- **ASSIGNMENT**: Scan the entries for lines with the word "orme" and copy those lines.

Top of DATASET ENTRIES

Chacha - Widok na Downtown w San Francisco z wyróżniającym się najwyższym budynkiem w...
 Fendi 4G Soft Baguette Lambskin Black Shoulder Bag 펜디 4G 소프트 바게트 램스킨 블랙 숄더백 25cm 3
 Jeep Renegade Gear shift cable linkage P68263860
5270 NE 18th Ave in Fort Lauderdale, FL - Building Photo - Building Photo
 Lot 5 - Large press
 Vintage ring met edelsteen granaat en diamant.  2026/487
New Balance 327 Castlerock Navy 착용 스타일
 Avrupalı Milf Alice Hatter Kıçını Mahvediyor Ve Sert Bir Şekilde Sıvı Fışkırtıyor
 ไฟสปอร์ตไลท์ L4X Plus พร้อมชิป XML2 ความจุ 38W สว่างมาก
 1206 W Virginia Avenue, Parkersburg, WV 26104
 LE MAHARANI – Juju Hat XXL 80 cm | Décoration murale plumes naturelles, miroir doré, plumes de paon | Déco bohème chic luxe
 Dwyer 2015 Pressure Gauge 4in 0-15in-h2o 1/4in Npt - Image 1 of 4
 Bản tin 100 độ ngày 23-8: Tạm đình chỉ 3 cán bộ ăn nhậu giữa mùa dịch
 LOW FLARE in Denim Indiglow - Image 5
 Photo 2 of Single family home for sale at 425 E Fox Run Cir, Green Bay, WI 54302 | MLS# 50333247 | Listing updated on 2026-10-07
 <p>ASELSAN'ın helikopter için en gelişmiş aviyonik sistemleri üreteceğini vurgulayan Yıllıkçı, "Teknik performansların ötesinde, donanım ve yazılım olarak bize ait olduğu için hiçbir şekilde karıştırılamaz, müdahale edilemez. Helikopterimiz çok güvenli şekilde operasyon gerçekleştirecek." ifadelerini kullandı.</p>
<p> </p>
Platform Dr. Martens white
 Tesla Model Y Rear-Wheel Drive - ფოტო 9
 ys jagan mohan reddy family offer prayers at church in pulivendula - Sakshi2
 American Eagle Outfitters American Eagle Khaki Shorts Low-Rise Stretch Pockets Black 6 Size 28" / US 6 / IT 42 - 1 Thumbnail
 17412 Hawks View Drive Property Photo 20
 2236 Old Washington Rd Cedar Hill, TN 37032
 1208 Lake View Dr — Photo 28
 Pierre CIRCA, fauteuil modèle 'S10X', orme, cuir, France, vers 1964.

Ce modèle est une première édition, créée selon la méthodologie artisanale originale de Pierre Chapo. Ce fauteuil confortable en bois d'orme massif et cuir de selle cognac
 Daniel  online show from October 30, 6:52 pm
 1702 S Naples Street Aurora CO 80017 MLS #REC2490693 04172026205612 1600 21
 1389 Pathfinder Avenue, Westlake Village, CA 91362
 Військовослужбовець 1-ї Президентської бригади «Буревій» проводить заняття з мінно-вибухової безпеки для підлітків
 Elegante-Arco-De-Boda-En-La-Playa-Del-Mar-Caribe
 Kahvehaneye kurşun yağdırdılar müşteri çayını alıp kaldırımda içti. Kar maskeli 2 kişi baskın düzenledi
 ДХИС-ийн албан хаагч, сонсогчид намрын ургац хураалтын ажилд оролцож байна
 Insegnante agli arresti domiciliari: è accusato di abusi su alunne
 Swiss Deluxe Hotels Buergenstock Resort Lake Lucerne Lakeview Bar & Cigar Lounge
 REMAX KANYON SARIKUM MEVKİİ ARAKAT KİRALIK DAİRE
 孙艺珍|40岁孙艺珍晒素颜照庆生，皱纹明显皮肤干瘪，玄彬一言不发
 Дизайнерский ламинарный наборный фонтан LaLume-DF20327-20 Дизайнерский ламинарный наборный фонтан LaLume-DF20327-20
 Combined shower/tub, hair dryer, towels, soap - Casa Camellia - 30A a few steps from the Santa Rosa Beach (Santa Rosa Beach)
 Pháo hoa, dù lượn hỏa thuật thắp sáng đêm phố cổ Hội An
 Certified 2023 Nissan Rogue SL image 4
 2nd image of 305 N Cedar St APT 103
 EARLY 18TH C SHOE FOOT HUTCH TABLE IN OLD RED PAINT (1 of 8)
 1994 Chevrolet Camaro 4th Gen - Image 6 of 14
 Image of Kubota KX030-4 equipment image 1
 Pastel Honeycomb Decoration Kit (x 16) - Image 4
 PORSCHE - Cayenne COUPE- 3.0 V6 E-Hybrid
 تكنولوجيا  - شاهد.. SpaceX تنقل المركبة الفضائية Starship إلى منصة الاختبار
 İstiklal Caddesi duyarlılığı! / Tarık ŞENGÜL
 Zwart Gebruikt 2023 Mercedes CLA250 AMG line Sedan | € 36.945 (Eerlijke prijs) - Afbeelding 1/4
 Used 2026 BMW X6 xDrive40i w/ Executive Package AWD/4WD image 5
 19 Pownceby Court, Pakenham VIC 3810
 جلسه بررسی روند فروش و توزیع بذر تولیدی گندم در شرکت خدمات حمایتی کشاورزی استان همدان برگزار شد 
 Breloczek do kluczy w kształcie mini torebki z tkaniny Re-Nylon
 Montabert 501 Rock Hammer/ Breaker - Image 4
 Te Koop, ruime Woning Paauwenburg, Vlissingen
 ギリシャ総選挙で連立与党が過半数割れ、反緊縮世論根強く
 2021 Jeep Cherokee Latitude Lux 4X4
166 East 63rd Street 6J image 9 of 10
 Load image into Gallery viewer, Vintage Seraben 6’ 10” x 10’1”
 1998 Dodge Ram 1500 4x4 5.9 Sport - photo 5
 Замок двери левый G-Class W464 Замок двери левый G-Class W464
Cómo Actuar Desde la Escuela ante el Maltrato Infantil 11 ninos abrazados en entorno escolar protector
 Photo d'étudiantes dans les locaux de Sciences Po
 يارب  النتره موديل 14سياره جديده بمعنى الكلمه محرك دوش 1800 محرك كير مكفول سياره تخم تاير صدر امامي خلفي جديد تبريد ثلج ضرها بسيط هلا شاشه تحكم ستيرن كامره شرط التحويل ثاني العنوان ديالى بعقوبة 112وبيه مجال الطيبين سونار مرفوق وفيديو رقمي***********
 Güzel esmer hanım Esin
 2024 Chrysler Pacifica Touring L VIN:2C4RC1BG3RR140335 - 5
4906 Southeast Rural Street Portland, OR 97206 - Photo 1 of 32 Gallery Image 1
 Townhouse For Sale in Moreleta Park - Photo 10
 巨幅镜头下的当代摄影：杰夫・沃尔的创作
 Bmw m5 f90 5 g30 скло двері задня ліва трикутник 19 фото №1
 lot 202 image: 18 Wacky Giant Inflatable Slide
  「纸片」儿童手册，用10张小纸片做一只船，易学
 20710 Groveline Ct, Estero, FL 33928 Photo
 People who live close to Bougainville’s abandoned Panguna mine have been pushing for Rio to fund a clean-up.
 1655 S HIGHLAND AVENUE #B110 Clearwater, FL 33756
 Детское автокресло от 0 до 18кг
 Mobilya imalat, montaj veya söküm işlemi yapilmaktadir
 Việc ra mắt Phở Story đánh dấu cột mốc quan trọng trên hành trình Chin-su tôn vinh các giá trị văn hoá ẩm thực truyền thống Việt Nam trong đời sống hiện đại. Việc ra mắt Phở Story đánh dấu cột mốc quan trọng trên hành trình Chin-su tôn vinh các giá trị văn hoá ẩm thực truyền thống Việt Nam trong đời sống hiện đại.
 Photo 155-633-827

Bottom of DATASET ENTRIES

- **TASK RESULT**:
 Pierre CIRCA, fauteuil modèle 'S10X', orme, cuir, France, vers 1964.
Ce modèle est une première édition, créée selon la méthodologie artisanale originale de Pierre Chapo. Ce fauteuil confortable en bois d'orme massif et cuir de selle cognac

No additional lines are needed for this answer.